There's no way that this essay can prove that Kirby experienced a "comparative creative ferment" at Marvel, in comparison to his level of activity at DC and other companies in the late 1950s, which, as readers will note, I find to be Kirby at his creative low point.  All one can do is to draw comparisons at the comparative levels of complexity in Kirby works produced within a few years of each other, as I did in CHALLENGE OF THE SUPER FOURSOMES PART 3.  At the end of that essay I asserted the possibility that on some level Stan Lee had "challenged" Kirby, perhaps not so much in terms of providing Kirby with raw ideas (of which the artist never seemed to run short) but in terms of shaping them for maximum dramatic impact. In dramatic terms Kirby's Marvel work bears more resemblance to his collaborations with Joe Simon, particularly in the 1940s more than the downsliding 1950s, than it does to most of the work he'd been producing in the 1950s.
 
And although I give the "Fourth World" books a high rating, I think it significant that these were the books Kirby produced immediately after his last collaborations with Stan Lee (disincluding their one reunion later); the books in which Kirby may've been riffing on ideas and techniques he'd developed with Lee and, at the same time, trying to distance himself from Lee's ideas and techniques to prove himself to assembled fandom.
 
Even while keeping in mind that my ratings are in no way universally representative-- though I think there are many fans who would feel roughly the same way-- I think the general high opinion of the Marvel work says something interesting about the nature of creativity.
 
In my essay on Jerry Siegel, OCD ON A HOTPLATE, I wrote:
 
Interestingly, of all the Siegel stories I've read, the ones with the greatest mythicity are the ones he did for the 1960s SUPERMAN titles under legendary tough-editor Mort Weisinger. A story like "Superman's Return to Krypton" shows a far greater organization of story elements-- including symbolism-- than anything Siegel had done in earlier eras. Yet it doesn't seem that this was Siegel's normal mode of operation, for after he severed relations with DC in the mid-60s, his scripts became pretty wild-and-woolly once more, as one can observe from his output at the Archie imprint Mighty Comics.

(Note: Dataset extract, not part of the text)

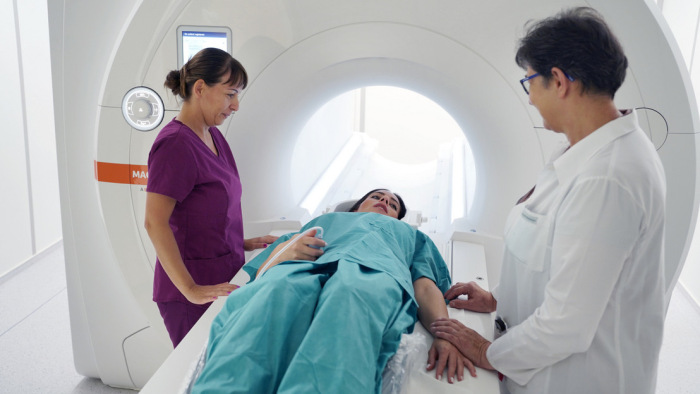Csúcskategóriás 3 Teslás MRI a Budai Egészségközpontban (x)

This apparent process, by which Siegel wrote with greater restraint under the strong editorship of Mort Weisinger, yet went back to a "wild-and-woolly" mode of scripting, seems no less applicable to the development of Kirby after he determined that he would no longer work with other writers. 

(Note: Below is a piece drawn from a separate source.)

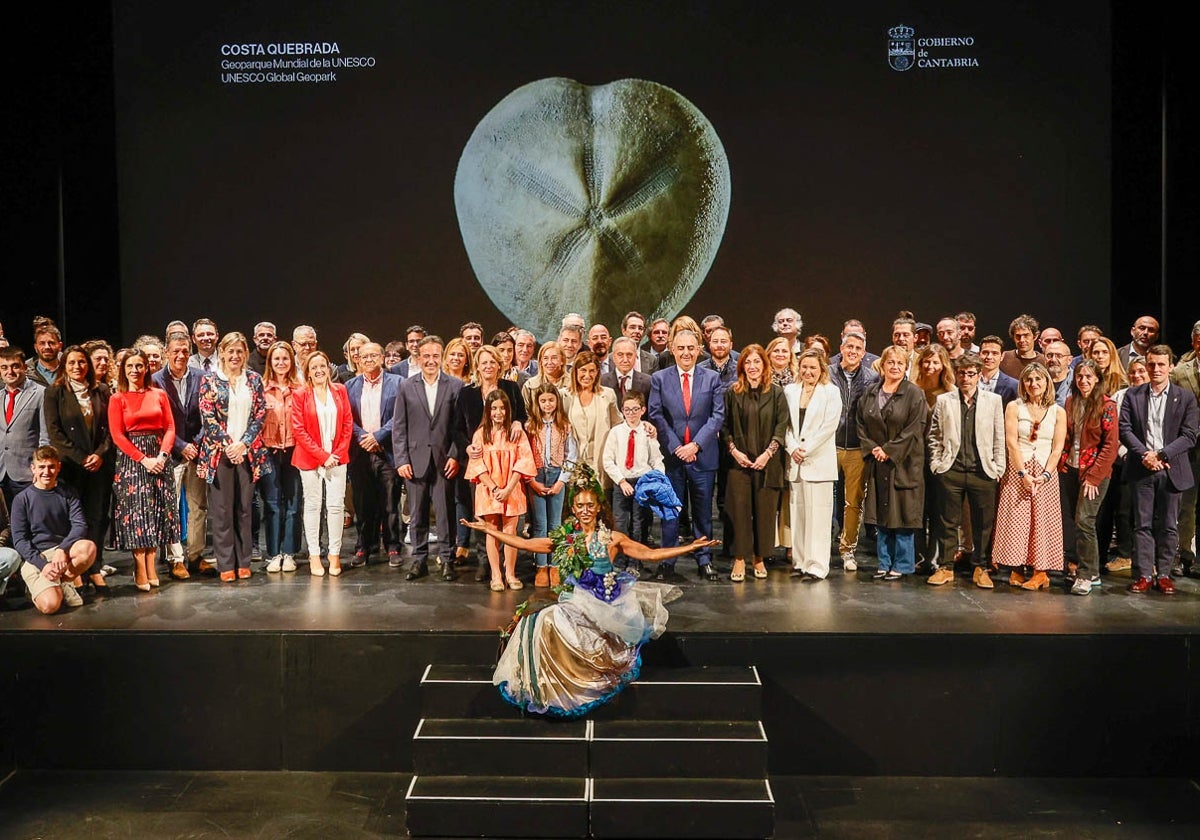 Foto de familia de los asistentes al acto celebrado en el Palacio de Festivales, en Santander.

What I suspect happened both times is that Kirby and Siegel-- both of whom had been in the comics-business many years-- benefitted from strong editors Mort Weisinger and Stan Lee in a *creative* sense, in spite of all indications that both editors probably abused their authority to differing extents.  This is not a logical development, but I believe there's some truth, even if it's only that Kirby and Siegel did some of their best work for exigent business-reasons; because they knew they'd lose valuable time and money if they didn't do their best each time out, or at least what those editors deemed to be their best.

One might imagine Lee and Weisinger functioning in the two creators' heads as little representations of the "ego," attempting to dominate and control the "id" of wild creativity that stemmed from Kirby and Siegel respectively.

Can I prove that Jack Kirby designed more organized, aesthetically-pleasing scenarios for THOR and FANTASTIC FOUR than he did in THE ETERNALS because in the former he had a little "Stan Lee" in his head?  Of course not; no more than I can prove my above ratings to be objective truth.

But for me personally, it goes a long way for explaining how Kirby went from his DC work to his Marvel work with a "zero to sixty" rapidity.